Após a inauguração da imprensa braille do Jornal A União, alguns amigos me perguntam se este não seria um projeto obsoleto, na medida em que há hoje uma grande ecologia de aplicativos que permitem às pessoas cegas acessar conteúdo online, nas telas de smartphones e de celulares.
Como pessoa cega, aferrada ao mundo da escrita, como pessoa que sempre leu e escreveu em braille, como pessoa que dedicou seus anos de doutorado a pesquisar as potencialidades do braille, ou, por assim dizer, a força do relevo dentro da cultura da escrita, preciso dar resposta a esse debate, para que se compreenda a importância desse encarte em relevo que agora A União entregará às pessoas cegas da Paraíba.
O método de leitura e escrita das pessoas cegas foi inventado e divulgado pela primeira vez, em 1929, quando o jovem cego francês, Luís Braille deu a conhecer o seu invento para os franceses do seu tempo. Cem anos depois, o método era reconhecido e se expandia pela maior parte dos países do mundo. Mas estava confinado às instituições dedicadas à educação dos cegos. Não era plenamente reconhecido na cultura social em geral, não aparecia em rótulos, roupas, tampouco era disseminado como meio de leitura direta pelo mercado editorial.
Os inventos das últimas décadas do século XX, deram novo impulso à expansão do braille. Sistemas informáticos incorporaram fontes braille em seus aplicativos de escrita, suprimentos como impressoras braille de custos menos elevados foram criadas. Display braille para leitura do braille em direto, por conexão USB com computadores, ou via bluetooth com smartphones, permitiram que o braille tomasse acento privilegiado na esfera tecnológica.
A Indústria farmacêutica, em larga maioria, incorporou informação braille em suas embalagens, assim como alguns empreendimentos de cosméticos e de alimentos.

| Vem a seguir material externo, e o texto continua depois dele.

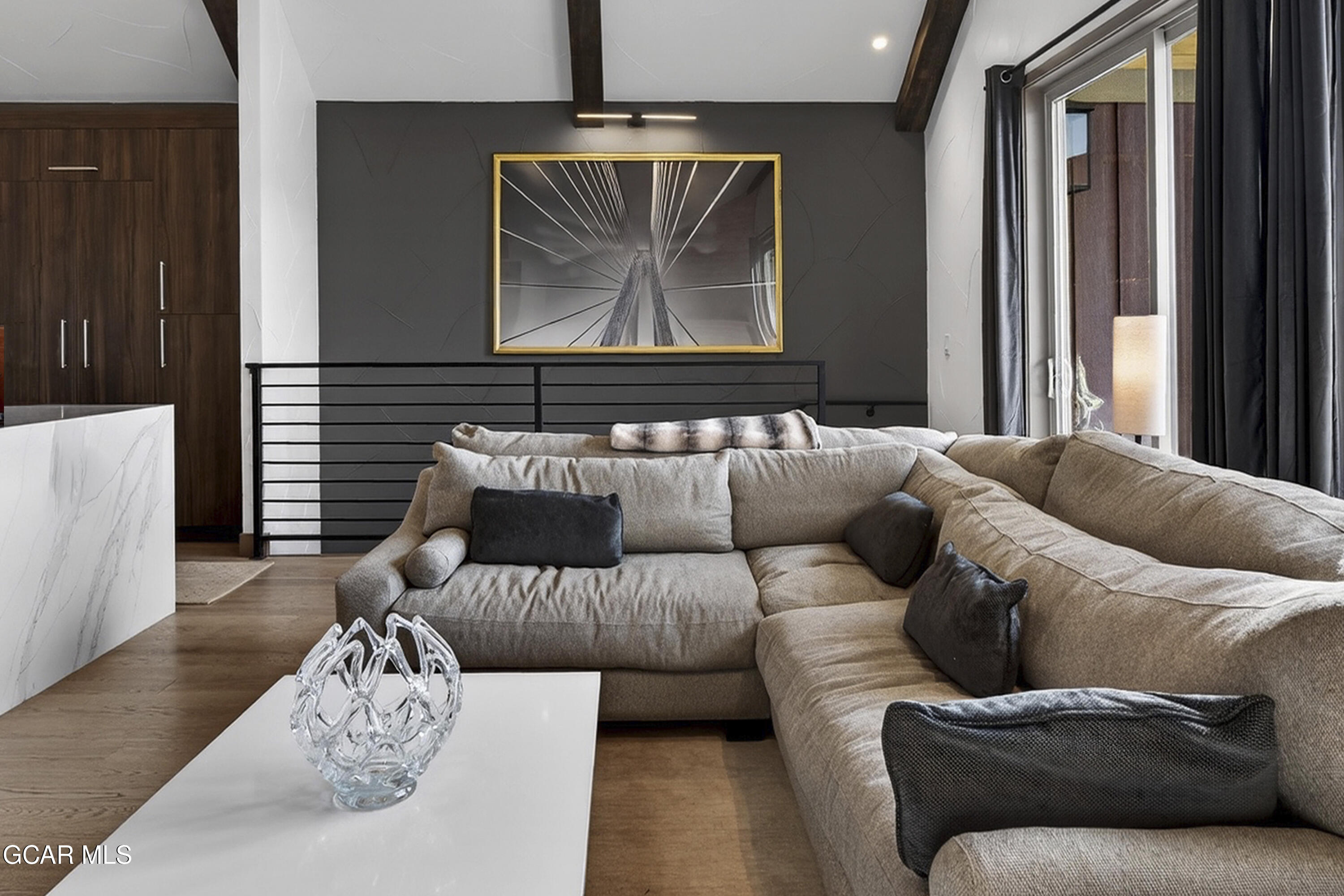 178 Eagle Ridge Drive Granby, CO 80446 - Photo 6 of 45 a living room with furniture and a large window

As cidades do mundo estão atravessadas por coisas escritas. Cartazes, letreiros, placas, panfletos, propaganda de toda ordem para leitura direta por quem enxerga. O braille, por sua vez, virou artefato de luxo, que só pode ser consumido ou nos livros didáticos, que nem sempre chegam na hora certa, ou por pessoas privilegiadas que podem consumir novos produtos como os displays braille e smartphones de alta performance.
Por isso o gesto de A União em Braille é tão importante. Ler em braille, em pleno século XXI, é valorizar o gesto fundador de Luís Braille. Mais que isso, é dar visibilidade e relevo a uma coletividade que se afirma nesse gesto fundador de tocar as palavras, decifrar as combinações e associações de pontos, coletividade esta que em geral é esquecida em meio à montanha de publicações em tinta que povoam a cultura do texto e da escrita.
É possível que num futuro, uma pessoa cega chegue num stand e compre o seu magazine predileto no formato que desejar: Braille, áudio ou PDF.
Aqui mesmo na Paraíba, a FUNAD está lutando para que contas de água e energia sejam impressas em braille, com código de barra, para que a pessoa cega tenha autonomia para ver o seu consumo e quitar seu débito.
O gesto de tocar as palavras com a polpa do dedo só será suprimido da cultura, quando não mais houver pessoas cegas no mundo. Então, ler em braille, em papel, por uma pessoa cega, é um gesto de reconhecimento e de cidadania.
Bom dia
Vc lembrou o que Dorina dizia sobre o legado roubado dos cegos que é a cidadania que o livro em Braille resgatou
Obrigado
Cristiano nowill
Joana. Minutos antes de ler o artigo, havia tirado o fone do PC para atender uma ligação e fazer as devidas anotações em Braille. Inacreditavelmente, um gesto involuntário, mas muito significativo para mim. Sem Braille não vivo, ou até mesmo, perco minha identidade.